Lexica of MWEs have always been a valuable resource for various NLP tasks. This paper presents the results of a comprehensive survey on multiword lexical resources that extends a previous one from 2016 to the present. We analyze a diverse set of lexica across multiple languages, reporting on aspects such as creation date, intended usage, languages covered and linguality type, content, acquisition method, accessibility, and linkage to other language resources. Our findings highlight trends in MWE lexicon development focusing on the representation level of languages. This survey aims to support future efforts in creating MWE lexica for NLP applications by identifying these gaps and opportunities.

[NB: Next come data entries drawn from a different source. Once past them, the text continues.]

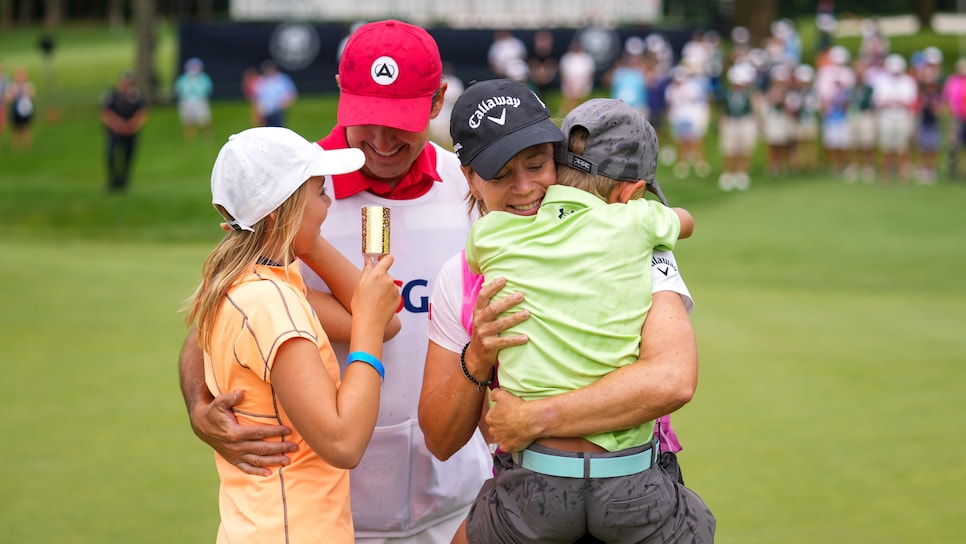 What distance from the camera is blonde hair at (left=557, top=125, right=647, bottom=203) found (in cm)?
278

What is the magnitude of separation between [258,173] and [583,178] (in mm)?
803

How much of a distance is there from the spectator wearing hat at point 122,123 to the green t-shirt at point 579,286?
19203 mm

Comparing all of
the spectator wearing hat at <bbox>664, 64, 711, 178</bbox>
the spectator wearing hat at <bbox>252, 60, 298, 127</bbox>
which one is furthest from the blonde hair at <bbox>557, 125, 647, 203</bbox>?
the spectator wearing hat at <bbox>252, 60, 298, 127</bbox>

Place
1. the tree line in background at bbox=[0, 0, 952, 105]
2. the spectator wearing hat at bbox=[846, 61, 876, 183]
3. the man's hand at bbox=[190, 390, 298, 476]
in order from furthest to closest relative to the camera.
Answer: the tree line in background at bbox=[0, 0, 952, 105] → the spectator wearing hat at bbox=[846, 61, 876, 183] → the man's hand at bbox=[190, 390, 298, 476]

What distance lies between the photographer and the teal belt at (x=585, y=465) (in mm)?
2637

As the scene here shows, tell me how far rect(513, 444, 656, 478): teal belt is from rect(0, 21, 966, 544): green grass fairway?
3.14 metres

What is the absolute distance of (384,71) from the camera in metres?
3.26

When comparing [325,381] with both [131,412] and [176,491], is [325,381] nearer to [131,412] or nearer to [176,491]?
[176,491]

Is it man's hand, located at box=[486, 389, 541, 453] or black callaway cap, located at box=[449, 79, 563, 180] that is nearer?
man's hand, located at box=[486, 389, 541, 453]

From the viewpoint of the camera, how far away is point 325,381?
2.75 metres

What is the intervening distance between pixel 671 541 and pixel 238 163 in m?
1.39

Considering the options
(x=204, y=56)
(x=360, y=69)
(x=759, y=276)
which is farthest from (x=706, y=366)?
(x=204, y=56)

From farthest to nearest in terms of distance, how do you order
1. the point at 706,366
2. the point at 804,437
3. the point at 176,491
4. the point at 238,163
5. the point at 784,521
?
the point at 706,366 < the point at 804,437 < the point at 176,491 < the point at 784,521 < the point at 238,163

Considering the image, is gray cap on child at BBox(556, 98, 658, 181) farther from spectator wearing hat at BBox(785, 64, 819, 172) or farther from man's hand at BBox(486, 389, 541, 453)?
spectator wearing hat at BBox(785, 64, 819, 172) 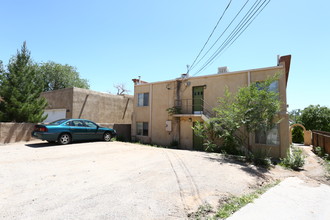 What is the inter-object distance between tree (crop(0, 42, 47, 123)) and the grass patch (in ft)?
42.2

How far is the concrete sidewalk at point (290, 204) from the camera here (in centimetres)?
370

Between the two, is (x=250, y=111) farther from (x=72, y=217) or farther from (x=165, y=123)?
(x=72, y=217)

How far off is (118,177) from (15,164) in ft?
12.6

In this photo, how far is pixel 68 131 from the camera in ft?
34.7

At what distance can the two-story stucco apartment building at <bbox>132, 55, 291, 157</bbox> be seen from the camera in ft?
34.0

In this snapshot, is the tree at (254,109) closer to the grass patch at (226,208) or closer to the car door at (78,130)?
the grass patch at (226,208)

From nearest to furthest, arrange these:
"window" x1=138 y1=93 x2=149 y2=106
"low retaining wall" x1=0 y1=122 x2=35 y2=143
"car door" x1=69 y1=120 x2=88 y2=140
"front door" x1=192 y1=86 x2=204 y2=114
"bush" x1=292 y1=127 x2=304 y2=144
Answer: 1. "low retaining wall" x1=0 y1=122 x2=35 y2=143
2. "car door" x1=69 y1=120 x2=88 y2=140
3. "front door" x1=192 y1=86 x2=204 y2=114
4. "window" x1=138 y1=93 x2=149 y2=106
5. "bush" x1=292 y1=127 x2=304 y2=144

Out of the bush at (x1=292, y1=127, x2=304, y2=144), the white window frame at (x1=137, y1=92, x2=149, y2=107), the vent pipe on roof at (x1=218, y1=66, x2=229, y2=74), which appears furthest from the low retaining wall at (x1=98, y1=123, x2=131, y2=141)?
the bush at (x1=292, y1=127, x2=304, y2=144)

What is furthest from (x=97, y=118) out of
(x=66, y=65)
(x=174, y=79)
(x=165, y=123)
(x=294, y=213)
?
(x=66, y=65)

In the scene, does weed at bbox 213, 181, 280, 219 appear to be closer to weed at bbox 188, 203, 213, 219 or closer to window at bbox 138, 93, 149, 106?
weed at bbox 188, 203, 213, 219

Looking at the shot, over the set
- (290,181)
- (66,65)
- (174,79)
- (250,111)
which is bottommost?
(290,181)

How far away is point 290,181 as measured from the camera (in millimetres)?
Answer: 6418

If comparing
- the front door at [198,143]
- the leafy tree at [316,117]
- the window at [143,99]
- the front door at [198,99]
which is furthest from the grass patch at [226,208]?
the leafy tree at [316,117]

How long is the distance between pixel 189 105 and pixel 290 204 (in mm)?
9861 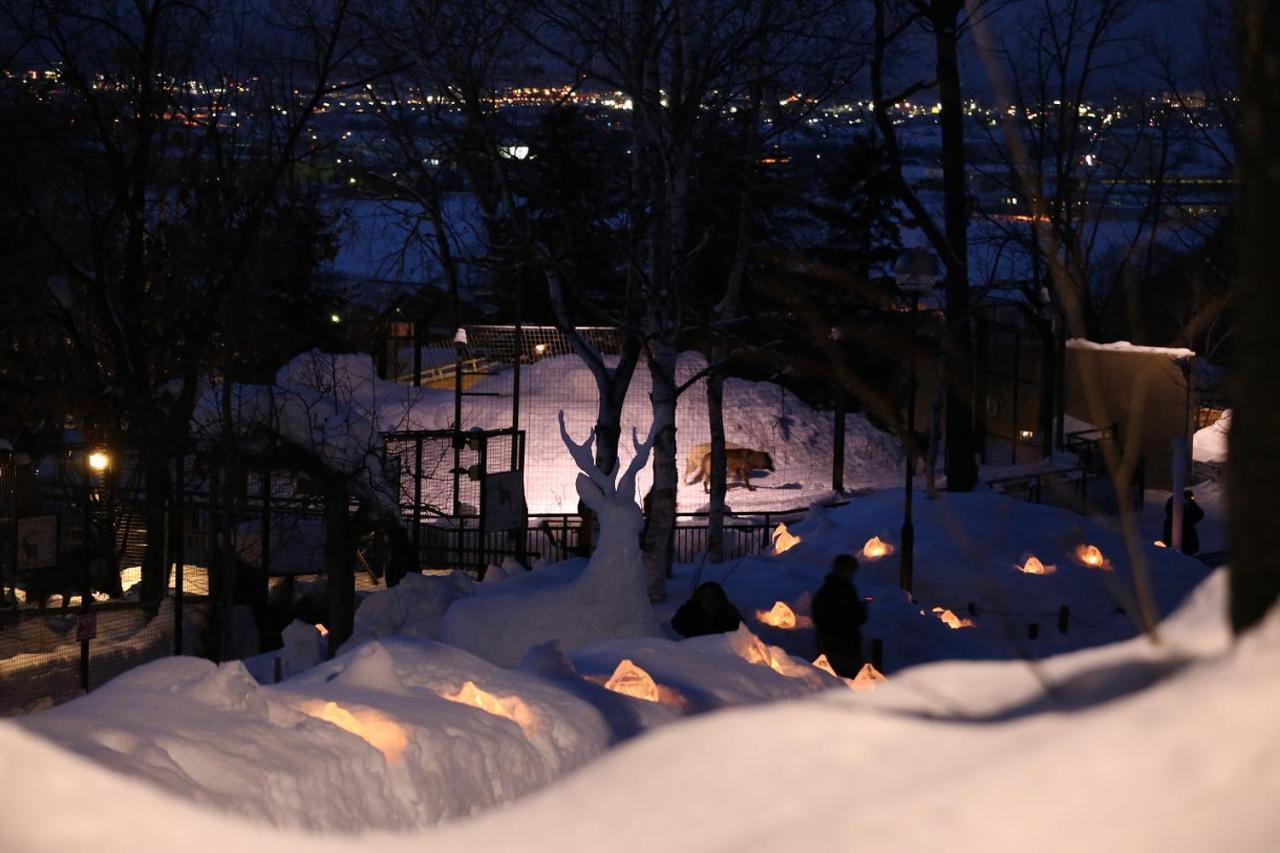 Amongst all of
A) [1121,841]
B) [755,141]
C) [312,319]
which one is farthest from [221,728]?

This paper deals with light verb constructions and their annotation in ELEXIS-sr, the Serbian extension of the ELEXIS-WSD corpus. In Section 1, general introductory remarks are given about these constructions, the notion of light verbs, and their treatment and further classification in the PARSEME annotation guidelines (subtypes LVC.full and LVC.cause). Section 2 offers an insight into ELEXIS-WSD corpus, annotated with VMWEs for several languages, with a remark that these VMWEs were not further subcategorised into finer classes. For this paper, we classified them ourselves to facilitate comparisons of the LVCs annotated in ELEXIS-sr. Tools and resources used for the automatic annotation of ELEXIS-sr are presented in Section 3, as well as the results of manual checking. In Section 4, we offer a comparison of LVCs in four ELEXIS-WSD sub-collections: Serbian, Bulgarian, Slovene, and English. We use Serbian as a starting point for this comparison, as it has been thoroughly annotated with MWEs (and NEs). We present the results of the comparison of all the occurrences of LVCs in the Serbian extension with their occurrences and annotation both in ELEXIS-WSD and Parseme sub-corpora for other languages. An important conclusion is that the most equivalents among LVCs are between Serbian and Bulgarian, closely related Slavic languages (a total of 34 equivalents), while between Serbian and Slovene, also Slavic, there are 11 equivalents, as between Serbian and English. It seems that this could be explained by the number of VMWES and LVCs annotated, or by the strategy used by different annotators.